Именно в этом различии интересов кроется потенциал для разногласий и пересмотра «стратегического компромисса». Анализ последних лет показывает, что Россия традиционно настаивает на приоритете сотрудничества в области политики и безопасности, подчеркивая важность координации усилий в борьбе с угрозами. Однако Китай, при активной поддержке стран Центральной Азии, все более настойчиво выступает за одновременное, если не приоритетное, продвижение экономического сотрудничества. Пекин и его региональные партнеры призывают к «наполнению ШОС более серьезным экономическим содержанием», полагая, что устойчивая безопасность невозможна без экономического процветания, поскольку социально-экономическая стабильность является фундаментом любой надежной системы безопасности.
Это институциональное давление на «экономическое колесо» ШОС является не просто риторическим приемом, а отражает объективные реалии. Страны Центральной Азии, нуждающиеся в инвестициях и развитии инфраструктуры, видят в китайских проектах ОПОП мощный стимул для своей экономики. При этом они стремятся использовать ШОС как платформу для балансирования растущего китайского влияния, но уже не столько с российскими гарантиями безопасности, сколько с возможностями для диверсификации своих экономических и политических связей. Таким образом, традиционная «двухколесная модель» постепенно трансформируется: одно колесо (экономическое, китайское) набирает скорость, в то время как другое (безопасностное, российское) начинает замедляться, создавая заметный структурный дисбаланс, который требует от всех участников поиска новых механизмов взаимодействия.
Геоэкономическое доминирование Китая: Квантификация структурного дисбаланса
Экономическая асимметрия внутри ШОС перестает быть гипотезой и становится эмпирически подтвержденным фактом, особенно после 2022 года.

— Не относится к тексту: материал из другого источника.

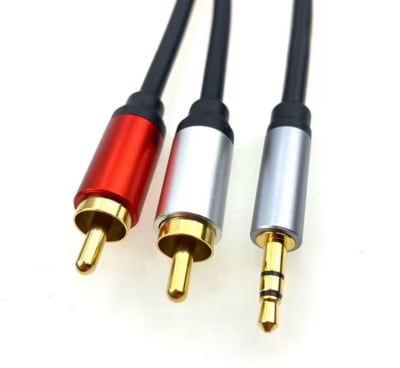 Cable Auxiliar de Audio 2x1 Rca a 3.5mm Metalico 2Metros Negro1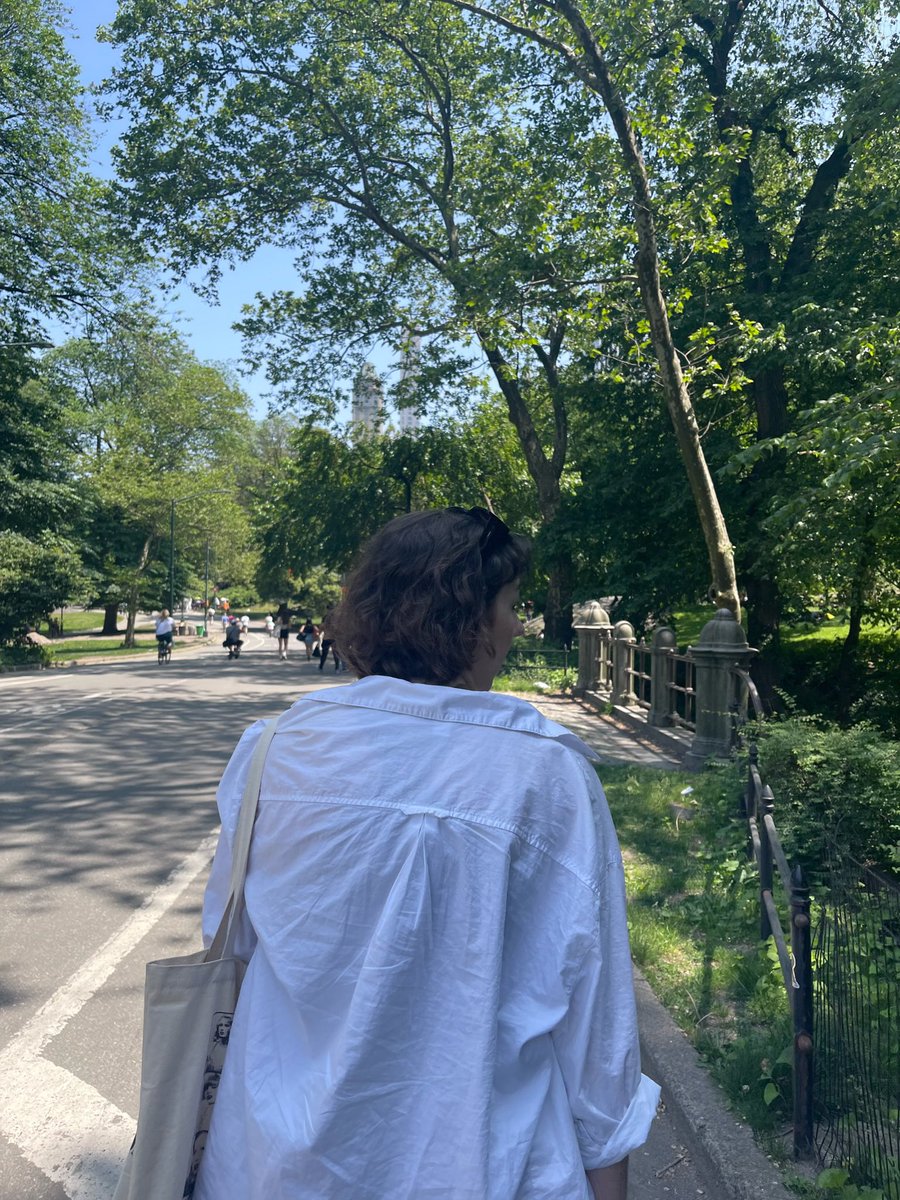 whereyouleftmir's tweet photo. from first listening to this album when i was 7 dreaming one day i’d get to live in nyc and be a dancer, to moving into my first apartment this year in said city and working toward my bfa in modern dance🥹 #SpeakNowTaylorsVersion means so much to me in this chapter of my life. https://t.co/tEltXszgRx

Влияние Китая в Центральной Азии неуклонно растет, трансформируя региональную экономику и создавая новый баланс сил, который все больше склоняется в сторону Пекина. Это доминирование не просто фиксируется на уровне общих заявлений, но и подтверждается конкретными статистическими данными, которые наглядно демонстрируют структурный дисбаланс, требующий глубокого анализа и стратегического реагирования со стороны всех региональных акторов.
Сравнительный анализ товарооборота и инвестиций
Свежие данные красноречиво свидетельствуют о беспрецедентном росте торговых связей Китая со странами Центральной Азии. По итогам 2024 года, совокупный товарооборот между КНР и регионом достиг рекордных 94,82 млрд долларов США, продемонстрировав рост на 6,1% за год. Для сравнения, товарооборот России с Центральной Азией в 2023 году превысил 44 млрд долларов США. Этот разрыв почти в два раза подчеркивает существенную разницу в масштабах экономического взаимодействия и показывает, как быстро меняется экономический ландшафт региона.
Более того, доля Китая в общем торговом обороте стран Центральной Азии значительно выше, чем у России. В 2024 году на Китай приходилось от 20-22% (Казахстан, Узбекистан, Таджикистан) до впечатляющих 55% (Туркменистан) торгового оборота стран региона. В то же время, на Россию приходилось около 33% внешней торговли Центральной Азии в 2023 году. Эти цифры указывают на глубокую интеграцию центральноазиатских экономик в китайские производственные и торговые цепочки, что имеет долгосрочные последствия для их развития и независимости.
Страна ЦА | Доля Китая в ТО (2024) | Доля России в ТО (2023) |
---|---|---|
Казахстан | 20-22% | ~33% |
Кыргызстан | 20-22% | ~33% |
Таджикистан | 20-22% | ~33% |
Туркменистан | 55% | ~33% |
Узбекистан | 20-22% | ~33% |
Примечание: Данные по доле России являются усредненными для региона.
Динамика инвестиций также подтверждает эту тенденцию. Совокупный объем накопленных прямых инвестиций Китая в Центральную Азию по состоянию на конец первого полугодия 2024 года составил 27,7 млрд долларов США. Что особенно важно, наблюдается смещение фокуса китайских инвестиций из традиционного сырьевого сектора в более высокотехнологичные и инфраструктурные области. Например, инвестиции в электроэнергетику выросли в 2,1 раза за последние полтора года, причем 85% этих средств направлено в Узбекистан. Последний, в свою очередь, в январе 2024 года вывел отношения с Пекином на уровень «всепогодного стратегического партнерства», что свидетельствует об особой важности китайского вектора для ключевых игроков региона и их долгосрочных экономических планов.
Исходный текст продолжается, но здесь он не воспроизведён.